Une approche normative du panier de biens

Nous avons postulé que l’analyse des modes de vie des individus est révélatrice des chances qu’ils ont d’accomplir leurs besoins d’accès aux activités de reproduction sociale du quotidien. L’analyse menée a tenté de prendre en considération les facteurs endogènes aux individus ou leurs caractéristiques socioprofessionnelles. Cependant, les modes de vie ne peuvent pas s’appréhender à part entière par ce seul jeu de variables explicatives. Il en est d’autres, dont les pratiques et les relations sociales entre les groupes sociaux, mais aussi des facteurs exogènes aux groupes sociaux qui peuvent directement rendre compte des modes de vie, des besoins des individus et, in fine, de l’accès à certaines activités.

C’est une des principales limites de notre travail que de proposer une approche normative dans le passage des modes de vie à l’identification des activités dont les individus ont besoin au quotidien. La définition normative aurait tendance à biaiser la référence aux besoins quotidiens qu’expriment les individus. Le besoin est défini comme étant « la reconnaissance de la nécessité d’un bien ou d’un service » [Blouin et al, 1995, p.20]. Il se réfère à quelque chose qui, à la fois, fait défaut et est indispensable à la vie quotidienne des individus. Il est l’expression de la recherche de moyen déterminé pour parvenir à une fin déterminée [Reboul, 1999] ou pour accéder aux biens ou services faisant défaut à l’individu. Faire référence exhaustivement aux besoins reviendrait, en somme, à rendre compte, par les pratiques de mobilité et/ou les pratiques et relations sociales, des préférences (non) révélées des individus en termes d’accès aux activités du quotidien.

Dans les limites d’interprétation des motivations de déplacements faite à partir des enquêtes ménages déplacements, l’approche normative d’un panier de biens unique en quatre grands motifs (commerces, santé, démarches / aide à la personne et loisirs) occulte, en partie, les préférences individuelles des différents groupes sociaux. Il serait alors intéressant de poursuivre et approfondir l’interprétation des besoins, et la prise en considération des préférences révélées par les différents groupes d’individus, afin de préciser le passage « fragile » des modes de vie des individus aux activités du quotidien dont ils peuvent exprimer un besoin et / ou une plus ou moins difficultés d’accès.
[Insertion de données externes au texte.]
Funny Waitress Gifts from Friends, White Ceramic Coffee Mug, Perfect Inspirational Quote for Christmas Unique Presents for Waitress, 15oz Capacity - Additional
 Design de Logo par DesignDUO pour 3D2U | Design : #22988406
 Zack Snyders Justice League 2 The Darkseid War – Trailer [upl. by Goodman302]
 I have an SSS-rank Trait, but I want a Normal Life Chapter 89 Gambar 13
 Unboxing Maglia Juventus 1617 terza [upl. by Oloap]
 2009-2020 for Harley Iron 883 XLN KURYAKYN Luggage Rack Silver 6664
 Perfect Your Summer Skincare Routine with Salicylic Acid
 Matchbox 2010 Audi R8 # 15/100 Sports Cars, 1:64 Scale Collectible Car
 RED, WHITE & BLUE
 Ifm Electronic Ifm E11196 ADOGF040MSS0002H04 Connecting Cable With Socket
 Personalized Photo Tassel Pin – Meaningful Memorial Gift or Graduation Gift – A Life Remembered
Cette analyse ambitionnerait une approche différenciée de la mesure de l’accessibilité potentielle aux activités selon les groupes sociaux, en définissant des paniers de biens « personnalisés », et ce en tenant toujours compte par ailleurs de leur localisation résidentielle, de la localisation des activités, et de l’accès aux différents modes de déplacements. Il serait alors intéressant d’avoir recours, au-delà des enquêtes ménages déplacements, à d’autres sources d’informations, telles que les enquêtes emploi du temps de l’I.N.S.E.E. [1999] ou des enquêtes de terrain, pour pouvoir interpréter les besoins et les préférences individuelles.

L’approche normative du panier de biens ne sauraient être coercitive. Elle ne prétend pas dicter les comportements individuels, ni restreindre les libertés d’opportunités et les choix des individus en relation avec leurs besoins et leurs désirs. L’approche normative est, au contraire, positive. Elle tente de cerner un panel d’activités – sans prétendre affirmer que sa définition soit unanime - que les collectivités ou l’état, garants de l’égalité des chances, pourraient considérer comme essentiel afin que tous les citoyens, quelle que soit leur appartenance sociale ou leur niveau de vie, y aient des potentialités d’accès équivalentes. C’est ce que nous avons tenté de mettre en évidence en analysant empiriquement les conditions et les évolutions de l’accès aux activités de la ville.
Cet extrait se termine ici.